Acontece que, dando de caras com o facto de todas as outras estarem ocupadas com filas de 20 metros, é inevitável que nos lancemos nesta magnifica aventura, que promete “ser super prática, e fazer-nos poupar imenso tempo”. É mentira.
Primeiro, porque mesmo que à nossa frente apenas estejam 4 ou 5 pessoas, o que cria assim a ilusão de que nos vamos despachar relativamente cedo, é com grande desagrado que constatamos, ao aproximar-nos, que na verdade apenas existem duas caixas a funcionar, e as dez restantes estão fora de serviço devido a “problemas técnicos”. Depois, percebemos que nos cabe esperar um bom bocado porque à nossa frente estão muitas pessoas de idade (ninguém mandou vir fazer compras a um feriado de manhã), que demoram a compreender como funcionam estes novos métodos. É frequente vê-las semi-cerrar os olhos, esbracejando, confusas, à frente do ecrã, à medida que vão lentamente passando os produtos pelo sensor.
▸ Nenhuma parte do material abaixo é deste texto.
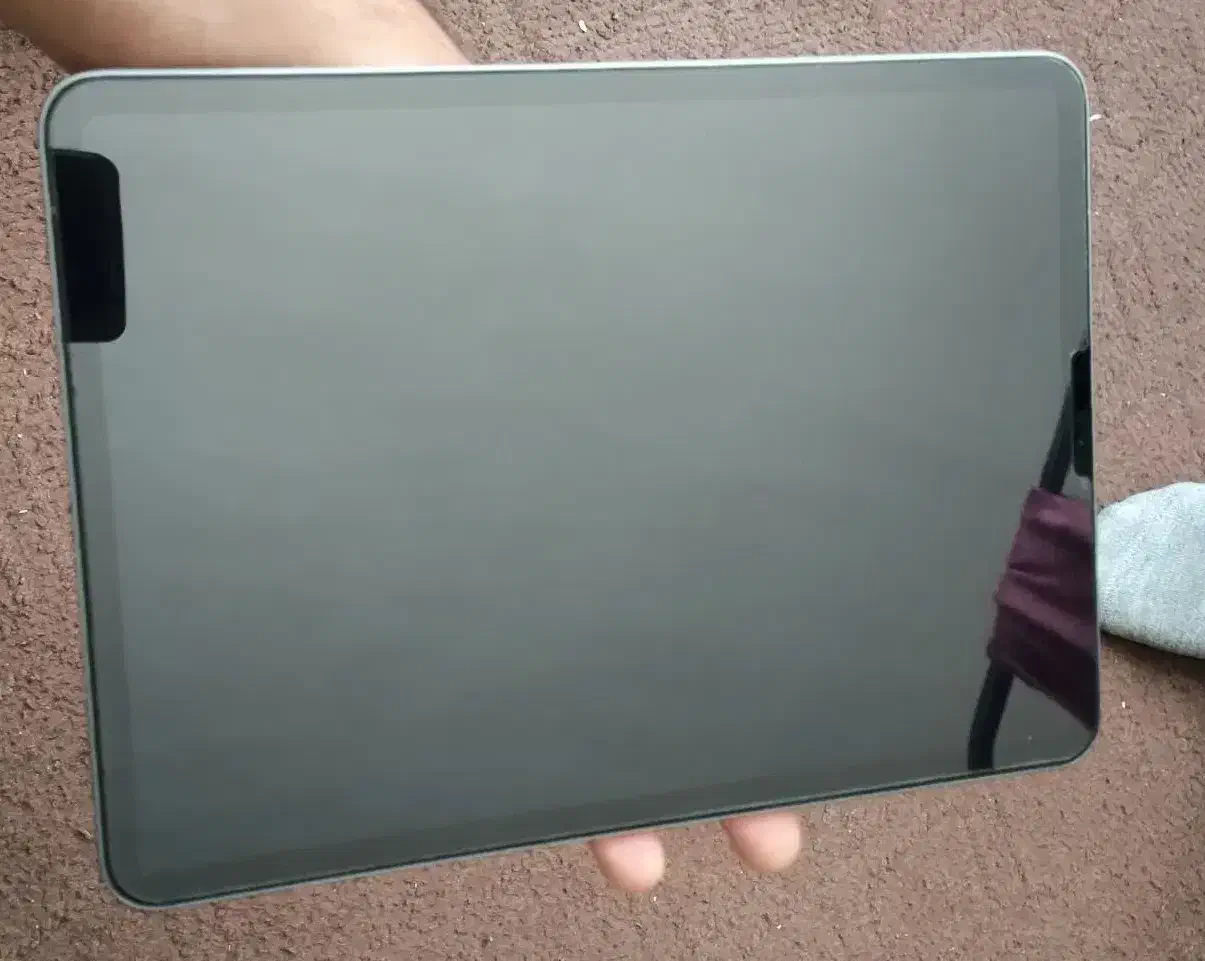 آیپد پرو 2021 11 اینچ 256 وای فای|تبلت|تهران, شهران شمالی|دیوار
Não seria assim tão mau, se não tivessem decidido comprar meio supermercado.
Quando, meia hora depois, alguma caixa se liberta, embirramos com a pessoa à nossa frente, porque olha para o boneco em vez de perceber que já podia avançar. Tocamos-lhe ao de leve no ombro, dizemos “olhe” com um ar enjoado, e suspiramos muito, resmungando baixinho “andam a dormir”. No entanto, quando chega a nossa vez, constatamos com desespero que o nosso campo de visão não nos permite ver que caixa fica livre nem quando, o que faz com que andemos de um lado para o outro, muito aflitos, de pescoço esticado, a tentar perceber se já podemos avançar. Nessa altura, não é raro termos já alguém atrás de nós a tocar-nos ao de leve no ombro, e a dizer “olhe”.
Chegou finalmente a nossa vez, e caminhamos, apressada e entusiasticamente, para o lugar. Mas é aqui que surgem questões e dúvidas existenciais que nunca dantes se nos tinham posto na vida. Contemplando abismados o ecrã, percebemos que não fazemos na realidade a mínima ideia se o que temos à nossa frente são “maçãs fuji”, “maçãs golden”, ou “maçãs golden vida Auchan”.


E as peras que escolhemos, serão “pêra william’s ou “pêra rocha do oeste”? Quando achávamos que as coisas não podiam piorar, eis que os produtos não passam no scanner; e, finalmente, a máquina começa a emitir mensagens sem sentido, e a apitar altíssimo. Carregamos, em pânico, no botãozinho que chama a senhora. Começamos a sentir uma grande pressão, e olhares matadores atrás de nós.
Quando a assistente finalmente chega, diz-nos, ao fim de uma breve análise, que não há nada a fazer. A nossa caixa deixou simplesmente de funcionar, devido a problemas técnicos. Face a isto, resta-nos, se ainda o quisermos, esperar mais 20 horas numa das outras. E assim se passa um magnífico feriado.